1 I read the file contents in binary mode, what should allow me
to use ftell/fseek to determine the file size.
No objections to this were raised, except of course the obvious
one, if the "file" was some file associated with stdin, for
instance under some unix machine /dev/tty01 or similar...
I did not test for this since it is impossible in standard C:
isatty() is not in the standard.
I would expect fseek() to return with an error if the file is not
"seekable", such as stdin.
2) There is NO portable way to determine which characters should be
ignored when transforming a binary file into a text file. One
reader (CB Falconer) proposed to open the file in binary mode
and then in text mode and compare the two buffers to see which
characters were missing... Well, that would be too expensive.
Oh, well, if you want to do this stuff in text mode, you need to
iterate character by character. This distinction of "text mode"
versus "binary mode" is nothing but performance problems no matter
what. Personally, log files are the only thing I ever open in text
mode any more.
3) I used different values for errno defined by POSIX, but not by
the C standard, that defines only a few. Again, error handling
is not something important to be standardized, according to
the committee. errno is there but its usage is absolutely
not portable at all and goes immediately beyond what standard C
offers.
Yeah, its just one of the many ways the C language standard encourages
vendors to be non-portable. In any event, its not friendly to re-
entrancy anyways, as the error value needs to be copied out to make
way for other errors to be reported. If you are going to hang onto
error values anyways, you might as well just return them, and make up
your own anyways. That's what I do. (OTOH, I don't consider mutable
static context, such as errno, to be a valid interface for anything.)
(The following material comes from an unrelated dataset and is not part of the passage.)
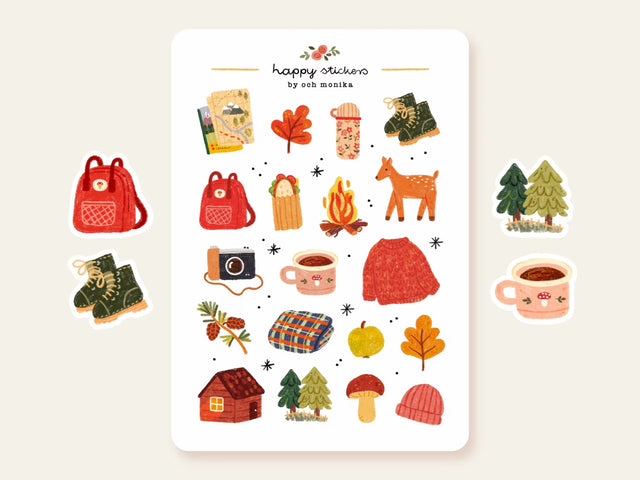 A sticker sheet full of cute little stickers perfect for planners, journals, or scrapbooking ❤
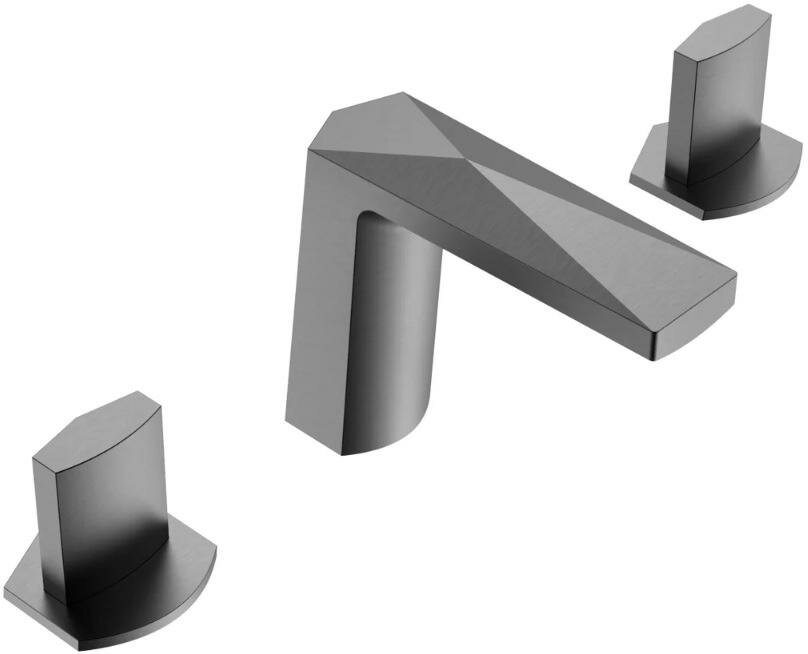 Boheme Смеситель на борт ванны Boheme Venturo 150-GM-ICE на 3 отверстия Gun Metall, ручка ICE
We hear again and again that this group is about standard C *"ONLY"*.
Could someone here then, tell me how this simple program could be
written in standard C?
Personally, I think trying to do something like this according to the
standard is a complete waste of time. I have files on disk today that
are in excess of ULONG_MAX in size. intmax_t (which is int64_t on my
system) is plenty large enough to hold the size, so its not like it
couldn't or shouldn't be representable. And of course, my system also
has some nice 64 bit extensions to fseek and ftell, so we know its
possible.
If we ignore file sizes and, say, allow INT_MAX-1 to be good enough
for the size of files, then I would recommend downloading "The Better
String Library" and just calling bread() (or breada()). It
iteratively allocates more and more memory to fit the data that is
read -- you can then call ballocmin() on the result if you want to
keep the memory usage tight. Its just an extra O(n) anyways. Meh.
This confirms my arguments about the need to improve the quality
of the standard library!
Well for fseek and ftell, the case is very clear and obvious.
"unsigned long" is not an appropriate type for file offsets. This was
"corrected" with fgetpos() and fsetpos() except that they took all
arithmetic away from you for some reason, and there is no way to
simply seek to the end of the file with them (without simply reading
it all.) Clearly we need to add something like:
intmax_t fgetfilesize (FILE * fp);
int faddpos (fpos_t * pos, intmax_t offset);
You can't do *anything* in just standard C.
Well that might be an exaggeration. But what can definitively be
said, is that as technology and ideas improve, what the C standard
specifies becomes applicable to a smaller and smaller percentage of
that space. And certainly portable C is diminishing to zero.
What the standard specifies does not scale, and does not take
improving technology into account, except in that it allows platforms
to extend away and do their own thing with respect to implementation
specific behavior. (Which makes the idea of a "standard"
meaningless.)
A fairly straight forward application like Bittorrent cannot be
written in anything resembling portable C code, not even just the file
system back end. It just an embarrassment that a tool that should be
seen as a system level tool is best written in Python on Java.